EXERCISE
Wherever the line that contains "Everyday Ruffle Heart Sock" falls, repeat it and the lines after it exactly until the records end, without any pictures.

SUPPLIED MATERIAL
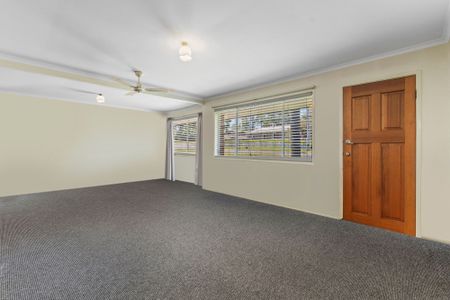 4 Strafford Road,BETHANIA - Photo 2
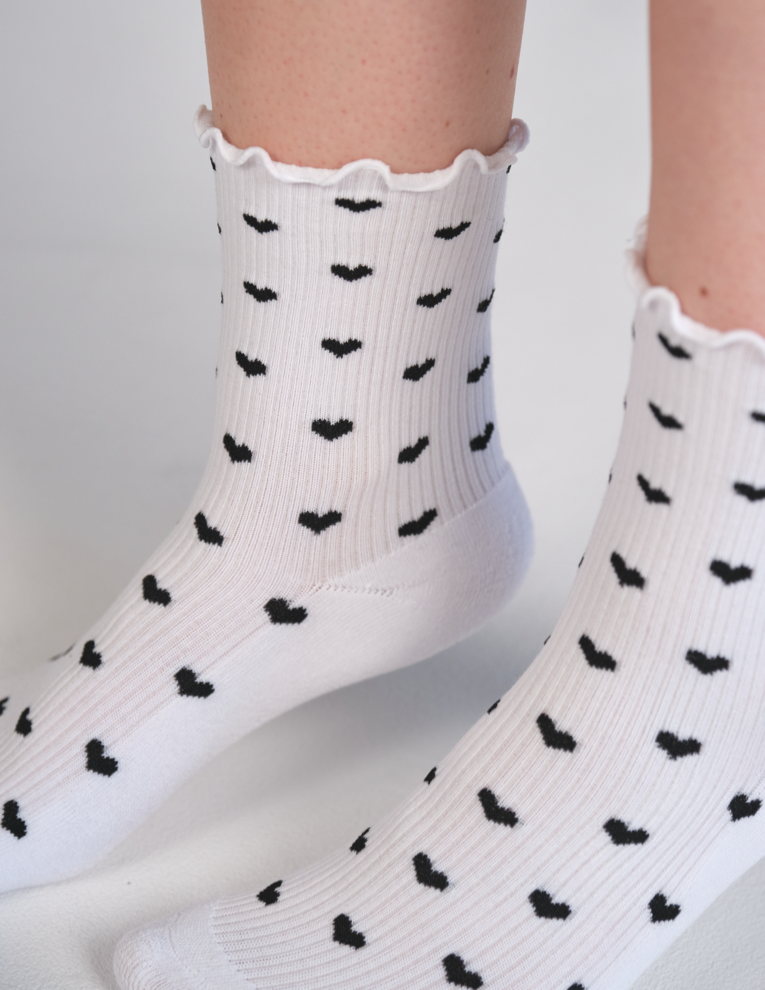 Everyday Ruffle Heart Sock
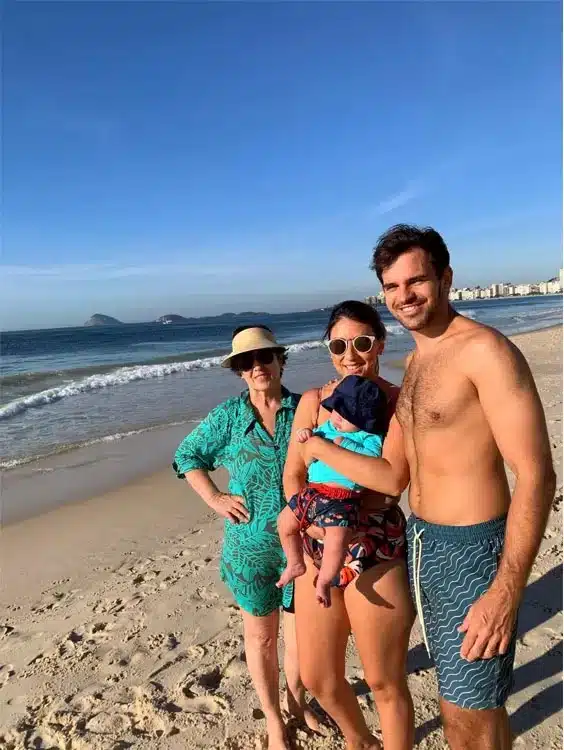 revistapazes.com - Após 2 tratamentos contra o câncer de mama, mulher engravida e dá à luz linda criança - confira o relato
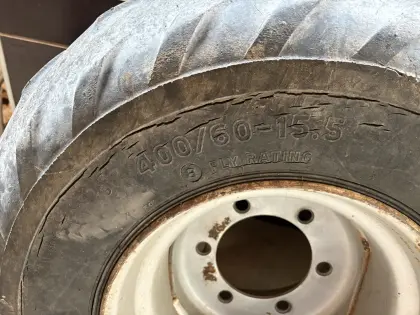 Reifen 400/60-15.5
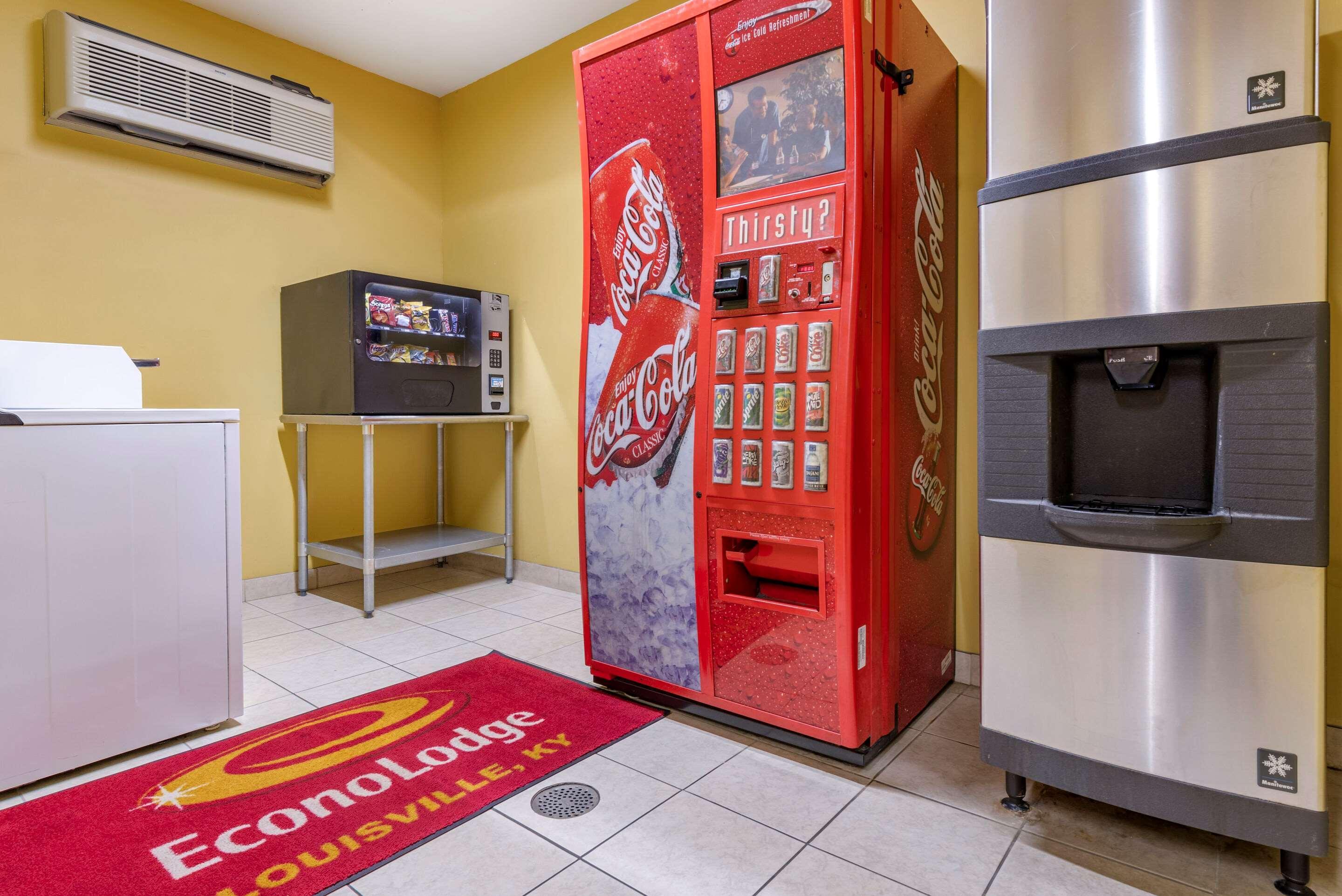 Econo Lodge Louisville Airport Экстерьер фото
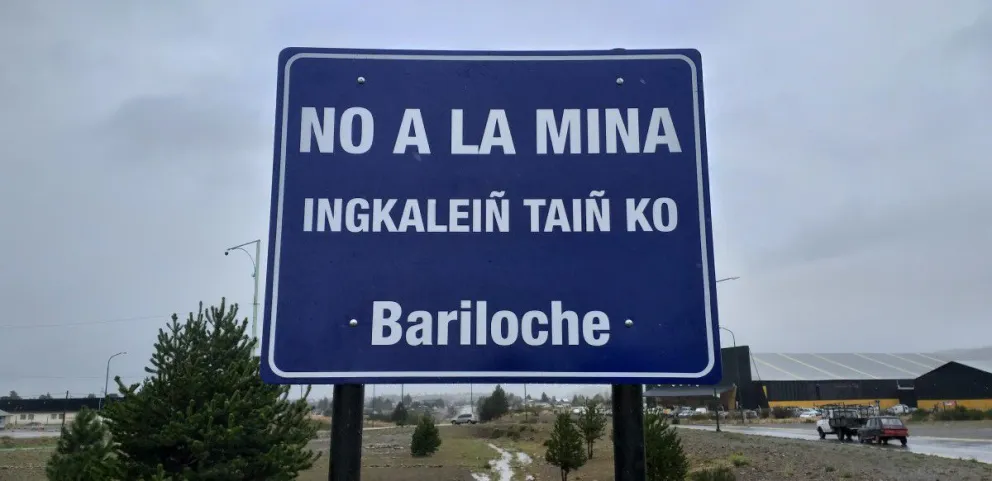 Instalaron un cartel contra la minería contaminante en la entrada a Bariloche
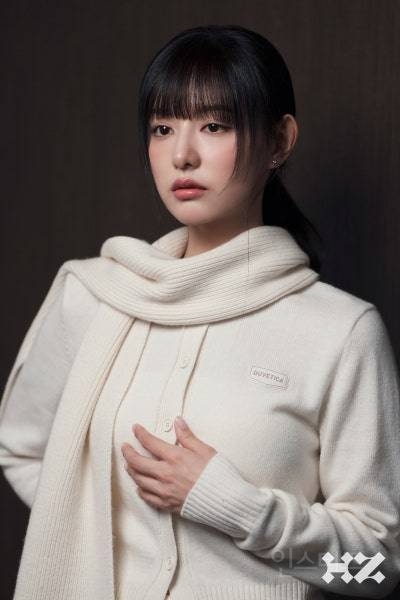 배우 김지원 듀베티카 광고 촬영 현장 비하인드 사진들.jpg | 인스티즈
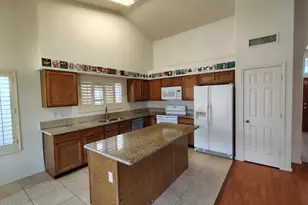 4303 E Cathedral Rock Dr, Phoenix, AZ 85044 - Photo 9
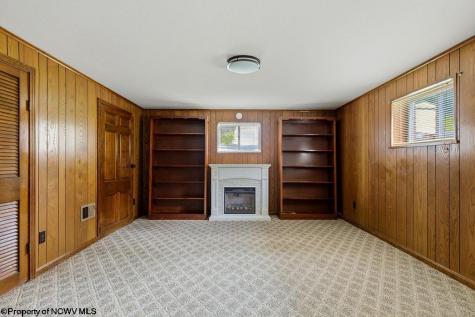 101 Ash Street Shinnston WV 26431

ANSWER TO THIS PROBLEM
 Everyday Ruffle Heart Sock
 revistapazes.com - Após 2 tratamentos contra o câncer de mama, mulher engravida e dá à luz linda criança - confira o relato
 Reifen 400/60-15.5
 Econo Lodge Louisville Airport Экстерьер фото
 Instalaron un cartel contra la minería contaminante en la entrada a Bariloche
 배우 김지원 듀베티카 광고 촬영 현장 비하인드 사진들.jpg | 인스티즈
 4303 E Cathedral Rock Dr, Phoenix, AZ 85044 - Photo 9
 101 Ash Street Shinnston WV 26431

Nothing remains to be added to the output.